The night before starting classes at Washtenaw Community College in the fall of 2016, Michael Kozma laid in bed contemplating his future. He grabbed his phone from the nightstand and typed into Google: How to succeed in college.
Not surprisingly, the search did not result in any secret formula. But Kozma did find one all on his own over his two years at WCC. He says the recipe was a dash of maturity on his part and the heaping scoops of knowledge and confidence piled on him by WCC faculty, counselors and advisers.
“Two years ago, I was a college dropout who hadn’t had an A in a class this decade,” the 27-year-old said. “Now I’ve completed 66 credits with nothing lower than an A. I’m a double major in Economics and Math Science at the University of Michigan, and two years from now, if everything goes as planned, I’ll be applying to Ivy League doctoral programs. That is really insane if you think about where I started, and WCC is a big part of the reason for it.”
Where he started was a self-described mediocre student who graduated from Chelsea High School with a 2.6 GPA in 2008, followed by one regrettable year at a small four-year college, where he rarely went to class and essentially flunked out.

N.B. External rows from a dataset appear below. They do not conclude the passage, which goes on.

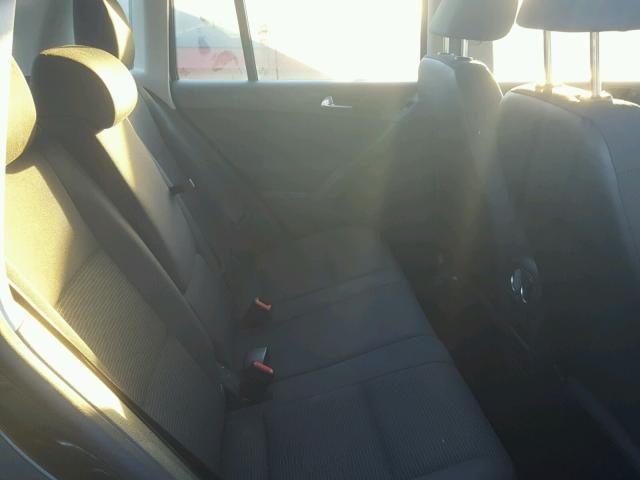 VOLKSWAGEN TIGUAN S 2015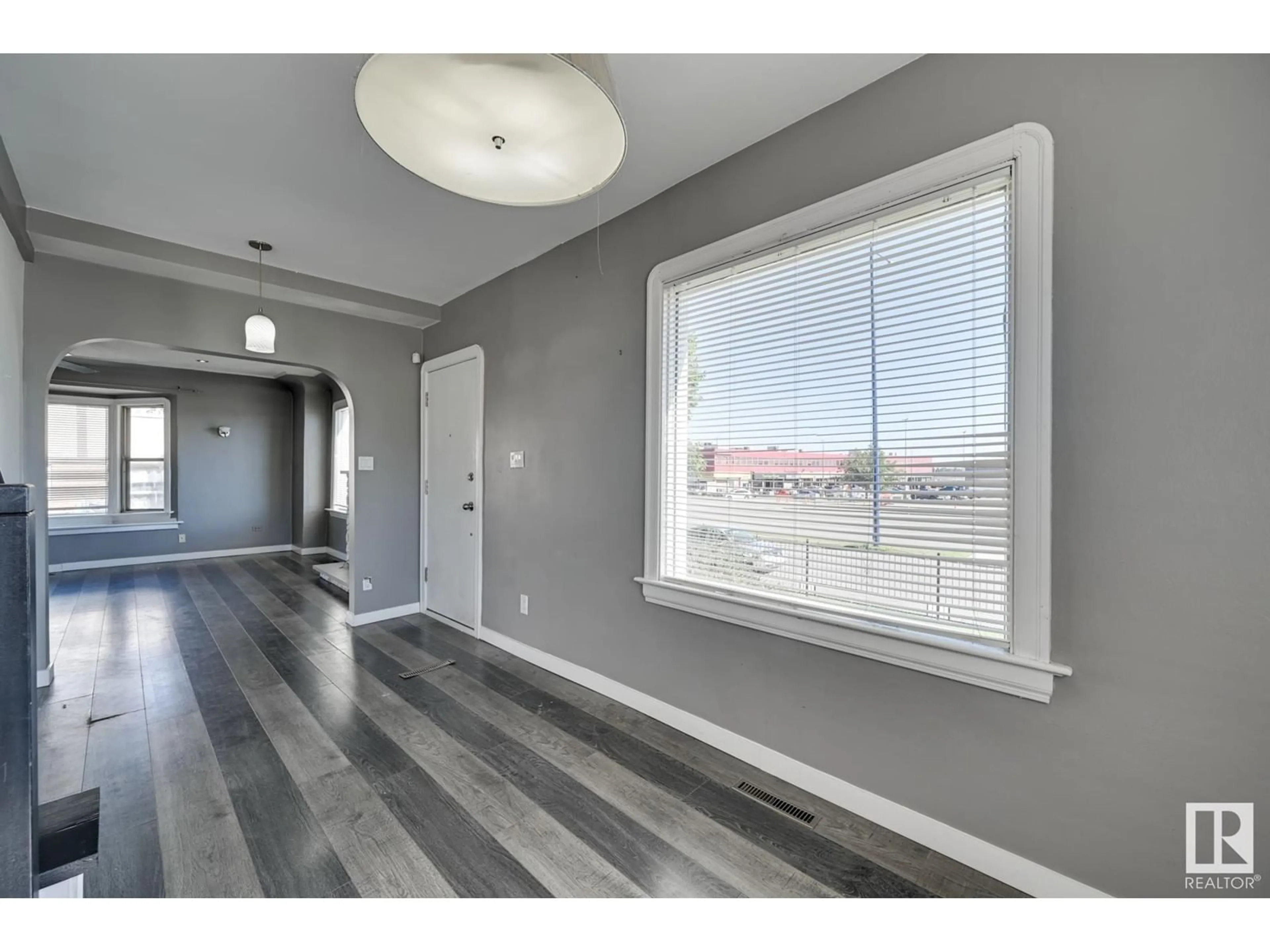 Indoor entryway for 13412 FORT RD NW, Edmonton Alberta T5A1C5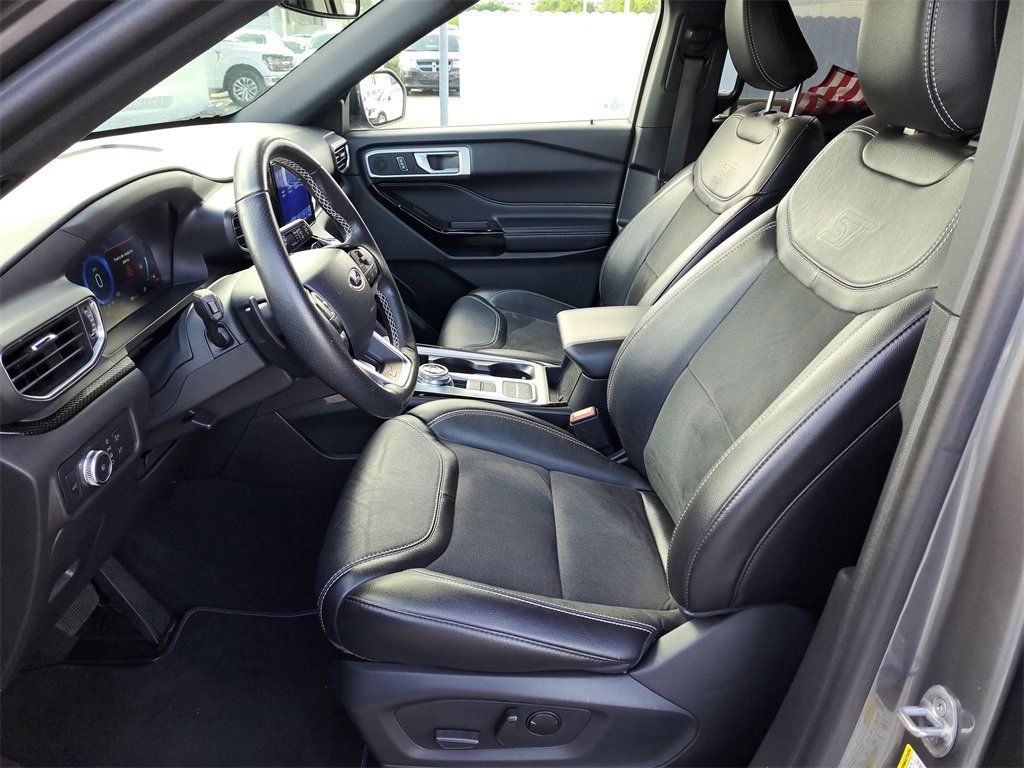 Certified 2022 Ford Explorer ST image 13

From there, Kozma enlisted in the U.S. Army, where he was an infantryman and sniper who served tours in Afghanistan, Kuwait and the Arabian Peninsula. Upon discharge, he remained in Colorado – he was stationed at Fort Carson, near Colorado Springs – and sold cars for a year before moving back to Michigan with his wife to be closer to family.
Back in Chelsea, he worked as a security guard and delivered pizza. He also spent a lot of time slumped on his parents’ couch, cloaked in self-doubt, pondering his future.
“Here I am, an Army veteran who had done a half Ironman and I’m still questioning myself. ‘Is this who I am?’ You start to perceive yourself differently,” Kozma said. “Eventually you think, ‘Maybe this is my lot in life. Maybe I don’t have the ambition to go any further.’ But with a little encouragement, everything starts changing.”
Everything did change when Kozma enrolled in general education courses in preparation to apply to the Police Academy at WCC, which requires a minimum of 45 college credits. He was a good infantryman who reacted well in high-stress situations – “for a 20-year-old adrenaline junky, there’s no better fix,” he says – so the Police Academy seemed like a logical next step.
Kozma never got around to applying to the Police Academy. Not because of more failure. Because of unprecedented success. He finished that first semester with a 4.0 GPA and a whole new world of possibilities ahead of him.
That heavy weight of self-doubt Kozma had experienced before enrolling at WCC seemed to be lifting at every turn. There was a Calculus instructor, Alan Orrick, who convinced Kozma he would excel if he put in the work. He was right. There was the student advisor, Alexandra McCracken, who assured him being accepted to Michigan wasn’t a pipe dream despite that disastrous first attempt at a four-year institution. She was right. There was the Psychology instructor, Dr. Cassandra George Sturges, who first planted the seed in Kozma that there’s no reason a community college student shouldn’t be aiming for a doctorate degree. She was right, too.
“I think a lot of people at WCC doubt themselves, just like I did in so many ways,” Kozma said. “But the teachers do believe in you, and that can make all the difference.”
This past summer was Kozma’s final semester at WCC. He was putting in 40-hour weeks with the Undergraduate Research Opportunity Program at U-M, crunching data coming out of the Israel-Palestine conflict. At the orientation for the program, organizers suggested the student employees should not also take summer classes.
Kozma did, anyway. “I’m a little cocky at times,” he admits. He enrolled in a demanding Calculus 3 class and completed his clean-sweep. He finished a 66-credit transfer guide specifically prepared for WCC students headed to U-M’s College of Literature, Science, and the Arts without ever receiving anything lower than a 4.0 GPA.
Oh, and to fill his barely-existent free time over the summer, Kozma also worked part-time in a bike shop and trained for an Ironman competition.
Talking to Kozma during the precious few weeks between the end of that grueling summer schedule and the beginning of classes at U-M on September 4, he had a very different attitude than two years earlier on the eve of starting at WCC. There was no Googling of tips for success this time around. This Michael Kozma was calm and confident.
“I ended up at WCC through some happenstance, and it was the exact right time and place in my life,” he said. “I know I won’t be the smartest person in the classroom at Michigan, but I know I’ve done more work than any of them. I can outwork all of them.”